It was a crazy day of deliveries for the Spring Plant Sale today with three trucks all arriving within 10 minutes of each other this morning. Beaver Creek Nursery came with a nice load of shrubs and small magnolias to start the morning. We then had two other suppliers of both herbs and perennials show up. We were fortunate to have a great team of volunteers readily on hand to off load these trucks although a couple guys decided to supervise (as seen directly below).

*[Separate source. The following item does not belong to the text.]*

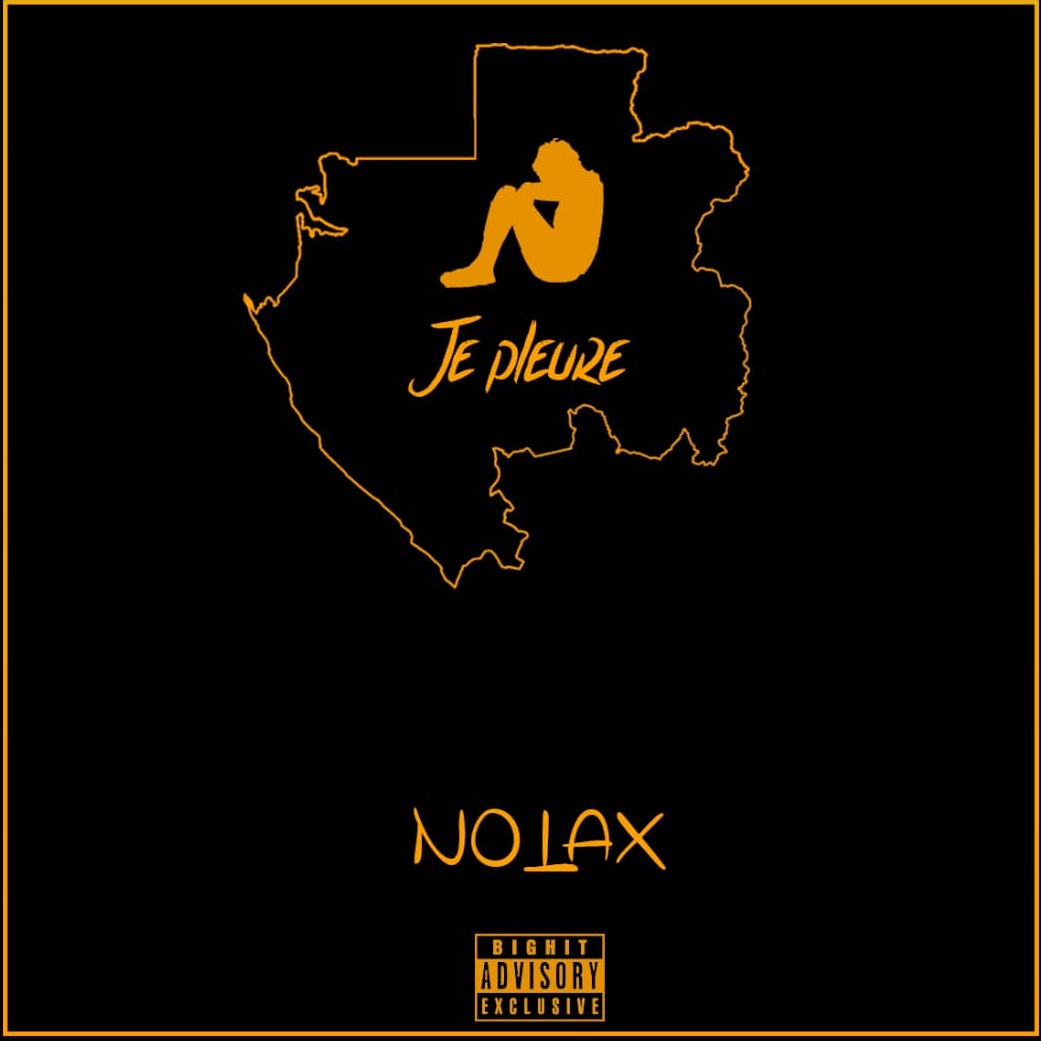 Cover Nolax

Actually they were just taking a break from truck #1 finishing with truck #2 and #3 backing in to position. With the exception of picking up our basil (Ocimum sp.) order for the sale, we have everything here and will be restocking our bagged compost which we sold out of this past Saturday! Check out the plant sale on our website where you can also view lists of our vegetable and herb offerings.

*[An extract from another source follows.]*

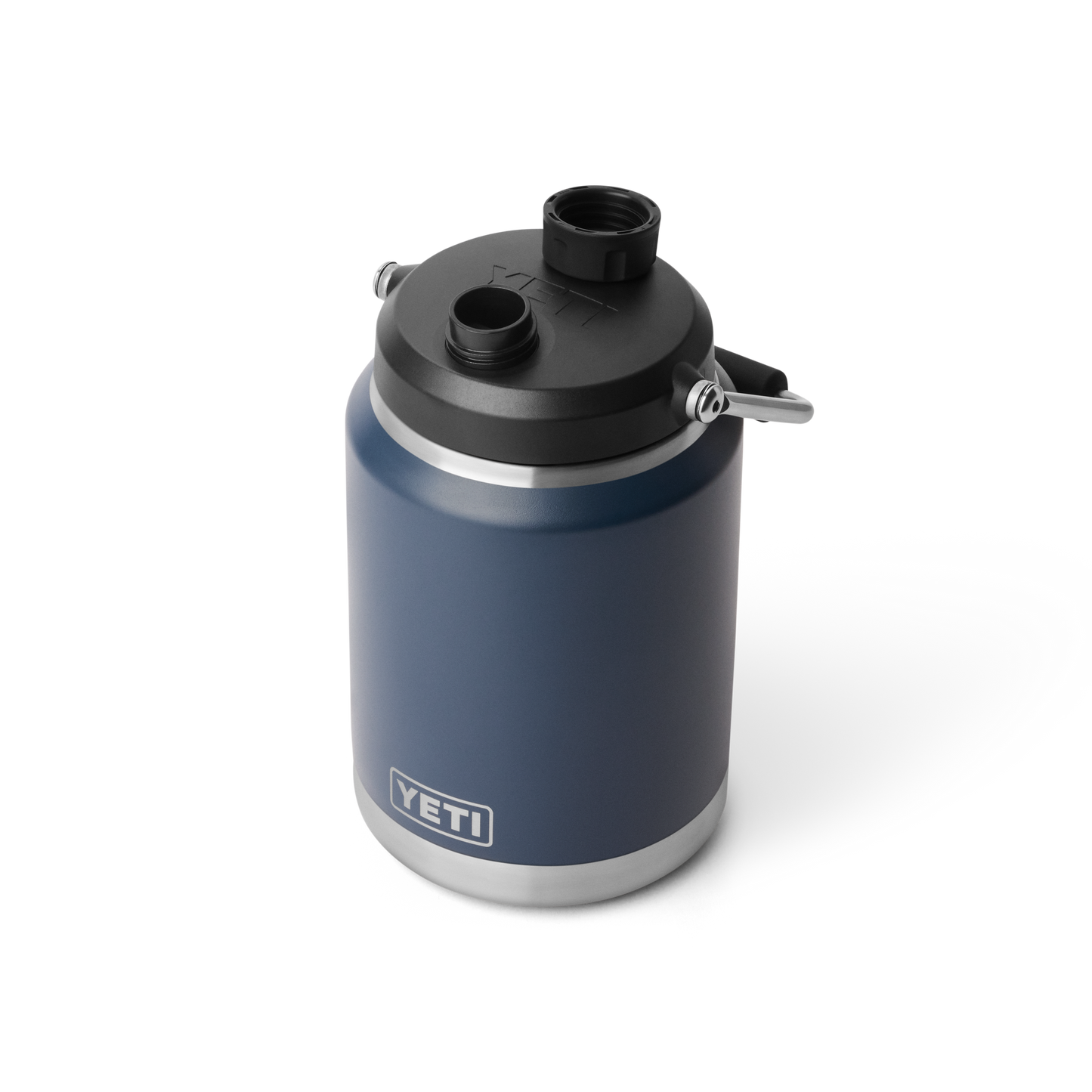 YETI Rambler® Half Gallon (1.89 L) Jug Navy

There are plenty more flowers out in the gardens today and as I was strolling around the gardens taking these shots, I also had 4 gallons of herbicide on my back that I was using in some weedy "target areas." I have some new sprayers which is nice as the old ones have seen better days. Directly above is our pasque flower (Pulsatilla vulgaris) "hill" in the alpine garden. I so enjoy watching these flowers open up and they will continue to be colorful for many weeks and the wispy seed heads then become interesting as well and extend the interest. Directly below is the "corn-leaf" iris (Iris bucharica) which is quite tolerant of average soils and a partial shade. This species is punctuated throughout the shade garden which is still getting quite a bit of sunlight before the overhead canopy of leaves fills out. The next photo shows one of the Juno iris (Iris cycloglossa) clumps in the alpine garden. I find this one to be quite striking and much asked about by visitors. The next photo down was taken in close proximity to the iris just mentioned. This is a dwarf fritillary (Fritillaria michailovskyi) which I find charming. The fourth photo down shows one of our serviceberries (Amelanchier sp.) in full bloom!

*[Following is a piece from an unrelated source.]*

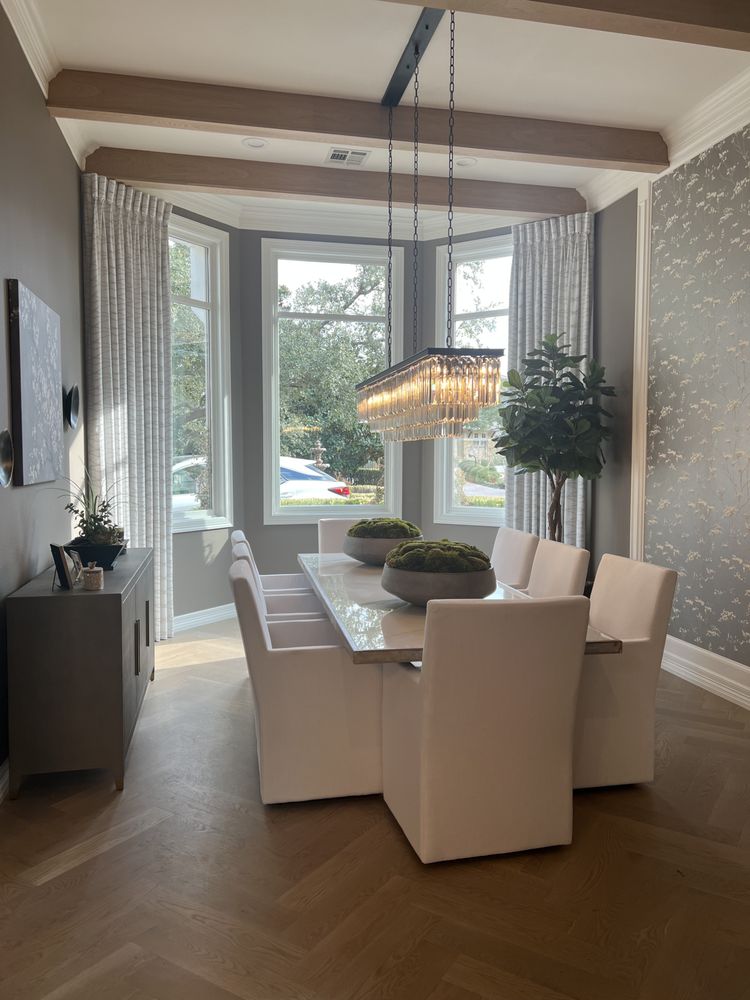 Slide of Interior Design Associates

The grounds staff really popped around between projects and everyone helped unload plants from the trucks. Cindy (left) and Jenny directly below did a nice job tidying up in front of the building and spent the remainder of their day helping organize, inventory and tag in the plant sale area by the Horticulture Center. Terry, next photo down, did some edging and sweeping in front of the Parker Education Center and moved on to container watering, rototilling, tree planting (with John) and myriad other tasks. Aside from the tree planting with Terry, Big John also rototilled, hauled compost, hauled shredded bark and helped with other projects as well. Cheryl weeded out in the Potter Daylily Collection and later helped with some plant sale preparations. Larry worked on some of the water features, watered, etc. and was recognized today by our Executive Director, Mary, for his 15 years at the garden (see second photo from the bottom). I spent most of my day working on the plant sale after my brief stint with the herbicide.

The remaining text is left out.